Entscheidungsschwierigkeiten Teil 1: Gebietserweiterung am Mauerpark

 

Unser Top-Thema in dieser Woche: Im Januar beschlossen das Bezirksamt  und die BVV, dass die Bezirksgrenze zwischen Pankow und Mitte geringfügig geändert werden soll, und zwar auf dem Gebiet des Mauerparks. Hintergrund ist die Erweiterung des Mauerparks auf der südwestlichen Seite. Damit die gesamte Parkfläche unter einen Bezirk fällt und unkomplizierter verwaltet werden kann, soll die Grenze zwischen Pankow und Mitte im Westen auf die Wolliner Straße gelegt werden.

Das Problem: Laut unseren Politikern sollte nur das Gebiet südlich des Gleimtunnels in Zukunft zu Pankow gehören, der Gleimtunnel selbst aber weiter zu Mitte. Die BVV Mitte beschloss ebenfalls die Verlegung der Parkflächen nach Pankow, allerdings samt Gleimtunnel. Jetzt soll der Beschluss vom Januar rückgängig gemacht und dann die Grenzverlegung neu beschlossen werden, und zwar so wie es der Bezirk Mitte entschieden hat. Wem beim Durchqueren des Gleimtunnels schon einmal das Regenwasser des Vortags auf den Kopf getropft ist, kann vielleicht erahnen, warum keiner der Bezirke die marode Unterführung haben will. Wenn unsere Bezirkspolitiker mit „Ja“ stimmen, gehört sie – und damit auch die Verantwortung dafür – künftig zu Pankow. In dieser Woche werden wir uns weiter mit dem Thema Mauerpark beschäftigen.

 

Entscheidungsschwierigkeiten Teil 2: Flüchtlingsunterkünfte

 

Bei diesem Thema liegt die Entscheidungsschwierigkeit eigentlich beim Senat. Richtig, es geht um das alte Lied der Containersiedlungen in Prenzlauer Berg. Die vom Senat zunächst benannten drei Standorte in Prenzlauer Berg wurden später wieder zurückgezogen und werden derzeit auf ihre Nutzbarkeit geprüft. Inzwischen ist klar, dass der Standort an der Greifswalder Straße 80d nicht gebaut wird. Weiterhin im Rennen sind die Walter-Friedländern-Straße nördlich 19 am Alten Schlachthof und die Werchneuchener Wiese an der Danziger Ecke Kniprodestraße.

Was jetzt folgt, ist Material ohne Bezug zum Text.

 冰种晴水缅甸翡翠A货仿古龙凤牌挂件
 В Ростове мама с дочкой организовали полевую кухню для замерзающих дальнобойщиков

Die Verwirrung um die Standorte bewirkt vor allem eins: Verzögerungen beim Freiwerden der Turnhallen-Notunterkünfte. Laut Stadträtin Lioba Zürn-Kasztantowicz (Grüne) und Bezirksbürgermeister Köhne (SPD) wird zwar grob angepeilt, die Turnhallen bis Ende Juni frei zu machen. Allerdings gestehen die Bezirkspolitiker bereits jetzt ein, dass der Zeitraum nicht überall eingehalten werden könne. Außerdem ist weiterhin fraglich, wann die Turnhallen wieder für den Sport zur Verfügung stehen werden. Sie müssen vorher saniert werden. Bis mindestens Ende 2016 müssen Schulsport und Vereine also noch mit alternativen Angeboten unterstützt werden, so Köhne und Zürn-Kasztantowics. Der Bezirk will sich natürlich beim Senat dafür einsetzen, dass die endgültigen Entscheidungen nun möglichst schnell getroffen werden.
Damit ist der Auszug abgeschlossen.